The paragraph above has give me, somebody who thinks in pictures, numbers and symbols, the courage to set up a blog and write. As a parent I feel. I feel authors like Elif Shafak, who have immense levels of creativity, have much to teach us and remind us through their imaginative story telling. But how are we to expand our hearts and express what we feel. I must confess I was poor at both verbal and written expression until I sat in sohbet (spiritual discourse). I don’t claim to be particularly good now but I think I’ve improved a great deal. The first thing Kabir Dede asked us to do when to speak was not worry about grammar or sounding eloquent- “speak from the heart” he said. For his own teacher, Suleyman Dede, didn’t know any English nor did Kabir Dede speak Turkish. Yet they got by; teachings were transmitted, hearts understood and souls were cooked. In sohbet students are asked to listen non-judgmentally with presence. Isn’t that amazing? listening opens up a space both inwardly and outwardly! Mevlana Rumi reminds us of the importance of listening:

“Since in order to speak one must first listen,

Learn to speak by first listening”


Today I found my daughter having a wonderful conversation on her toy phone with a police man. I listened attentively, as she used words I didn’t know she knew. She ended with “bye now, you too”. I asked her what she was talking about. She said she was phoning the police man because, Owais, her younger brother was being naughty.

Later I reflected on this incident and I realised what an active imagination children have. How much of it gets nurtured and how much gets covered by ‘things they are supposed to learn’ which has its place too but often at a price. Ask a class of year 7 if they can ‘explain what it feels like on the moon?’ and a dozen or more hands go up. Put the same question to year 11 and less then half a dozen. What went wrong in those five years? The goal of secondary and sixth form teachers nowadays is, from my experience, to create independent learners and thinkers. May be a way to start is give space to their inquisitive minds and imagination while they are young. How can we expects kids to be creative if they’re imaginations haven’t been given its due importance? Didn’t Einstein devise his theory of relativity with thought experiments such as ‘what the would the world look like if I sat on a beam of light?’ To complete the quote on imagination “Imagination is more important that knowledge. For knowledge is limited to all we know and understand, while imagination embraces the entire world, and all there ever will be to know and understand”. Albert Einstein. .

Recognising an old soul

In Education on January 1, 2012 at 9:36 pm

My daughter has a number of characteristics of my late grandmother which we cant explain. She would, for example, sleep with a bottle of water next to her and often wake up in the middle of the night to take a sip. This is something my late grandmother was in the habit of doing- both never met (physically). That’s not what I’m trying to point out though. What I intuitively feel is my daughter’s innate capacity to know. On some level, she knows everything that’s been taught to her. I feel with some things, such as religion or the symbolism of sacred acts, my duty isnt as much to teach or explain but to show. That showing, God willing, will feed her soul.
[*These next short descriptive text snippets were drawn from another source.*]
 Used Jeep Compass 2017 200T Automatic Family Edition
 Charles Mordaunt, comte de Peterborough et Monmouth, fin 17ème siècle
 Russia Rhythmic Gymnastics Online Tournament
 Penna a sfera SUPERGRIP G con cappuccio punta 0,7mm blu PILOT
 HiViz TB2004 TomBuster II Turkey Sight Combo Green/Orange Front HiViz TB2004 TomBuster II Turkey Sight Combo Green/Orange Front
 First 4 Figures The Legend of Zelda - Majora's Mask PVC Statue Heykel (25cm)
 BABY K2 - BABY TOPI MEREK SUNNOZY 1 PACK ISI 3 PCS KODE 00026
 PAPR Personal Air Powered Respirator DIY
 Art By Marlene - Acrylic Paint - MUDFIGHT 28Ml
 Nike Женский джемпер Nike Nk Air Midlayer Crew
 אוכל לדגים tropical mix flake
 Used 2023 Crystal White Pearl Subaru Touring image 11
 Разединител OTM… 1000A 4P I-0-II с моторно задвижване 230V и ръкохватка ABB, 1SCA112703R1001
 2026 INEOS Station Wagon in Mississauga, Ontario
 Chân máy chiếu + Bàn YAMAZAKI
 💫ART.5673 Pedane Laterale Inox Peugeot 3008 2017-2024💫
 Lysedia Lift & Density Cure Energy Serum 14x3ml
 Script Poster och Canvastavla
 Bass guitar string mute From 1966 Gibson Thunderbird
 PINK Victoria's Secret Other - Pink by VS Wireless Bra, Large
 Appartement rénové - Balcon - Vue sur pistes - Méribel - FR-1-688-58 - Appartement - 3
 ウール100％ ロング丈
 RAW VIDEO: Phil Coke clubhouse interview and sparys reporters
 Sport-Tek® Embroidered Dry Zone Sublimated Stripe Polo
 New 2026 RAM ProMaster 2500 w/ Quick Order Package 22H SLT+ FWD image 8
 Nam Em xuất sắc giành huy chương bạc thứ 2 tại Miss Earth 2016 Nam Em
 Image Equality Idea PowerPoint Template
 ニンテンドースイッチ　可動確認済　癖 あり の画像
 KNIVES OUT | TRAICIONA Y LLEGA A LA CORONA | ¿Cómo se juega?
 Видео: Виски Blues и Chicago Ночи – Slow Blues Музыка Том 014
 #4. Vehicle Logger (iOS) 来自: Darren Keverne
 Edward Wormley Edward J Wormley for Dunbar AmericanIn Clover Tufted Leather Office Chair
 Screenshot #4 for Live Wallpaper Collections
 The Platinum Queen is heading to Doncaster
I experienced this when i took my daughter to a zikr session with some derveshes. At first she was shy, but later she responded to the love, adab and presence she felt. She won every one’s heart. She was her beautiful self ; the face she always had before she was born was eminent – that unconditioned part of herself came out in that space of unconditional acceptance. I wonder if religion can be taught this way? less instruction or explanation and more presence and witnessing; planting seeds to sprout in the years to come which, God willing, like for al Ghazali, awaken in the soul a yearning to know for oneself.